Clinical Vignette 27
A middle-aged man who had renal transplantation 5 years ago (but otherwise well) presented with fever and shortness of breath for 2 weeks. He was found to have a right pleural effusion on chest X-ray, and underwent a diagnostic pleural tap. The TB PCR was positive from the pleural fluid, and he was started on standard anti-tuberculosis therapy (but with levofloxacin substituted for rifampicin owing to the interactions of the latter drug with other agents taken to maintain the renal transplant). The initial chest X-ray and the subsequent chest X-ray taken 10 days later are shown below.

Initial chest X-ray of the man with renal transplant, showing a right-sided loculated pleural effusion.
He felt clinically better after starting the anti-tuberculosis therapy, with no further fever nor shortness of breath (except on exertion), and had also started to gain weight. The pleural fluid culture was positive for Mycobacterium tuberculosis complex which was sensitive to all drugs. During the routine follow-up visit after completing 2 months of therapy, however, the chest X-ray was grossly abnormal.

Chest X-ray 2 months after starting anti-tuberculosis therapy, showing a massive right pleural effusion.
Question: What is the diagnosis and how should the patient be managed?
[Updated 11th April 2014]
This patient had a loculated pleural effusion with radiological suggestion of a trapped lung. However, the massive increase in size of the pleural effusion 2 months after starting appropriate treatment is consistent with a paradoxical response to anti-tuberculosis therapy. This is now believed to be a immune reconstitution syndrome, and occurs in up to 15% of non-HIV patients but up to 25% of HIV-infected patients with concurrent tuberculosis who are started on highly-active anti-retroviral therapy (HAART). It occurs more commonly with extra-pulmonary tuberculosis, particularly cervical lymphadenitis and TB pleurisy.

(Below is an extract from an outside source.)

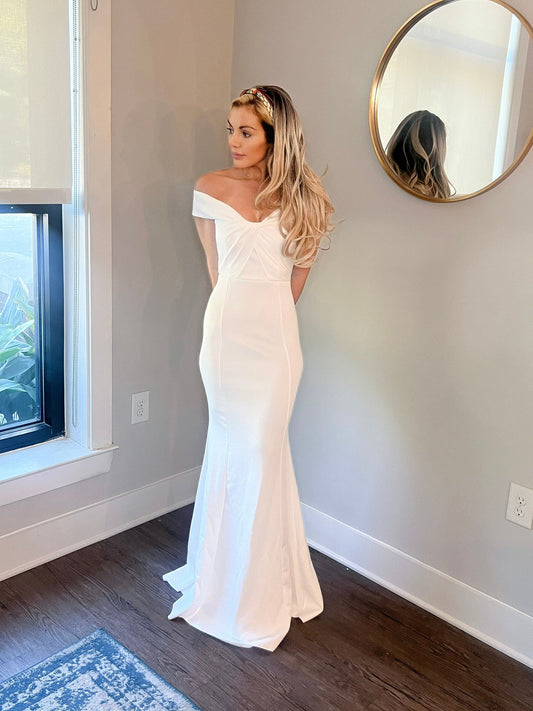 empire waist jersey material fit and flare wedding gown off shoulder wedding dress, zip up back wedding gown stretch material,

Treatment of paradoxical response to anti-tuberculosis therapy is largely conservative, although steroids and/or surgical therapy are options if symptoms are severe. We offered the patient surgical drainage of the effusion in view of its massive size (potentially complicating respiratory function should any new lung infection develop), but he wisely refused. Subsequent chest X-rays showed gradual reduction in the size of the effusion over time, although it did not really disappear even at the time of stopping anti-tuberculosis therapy.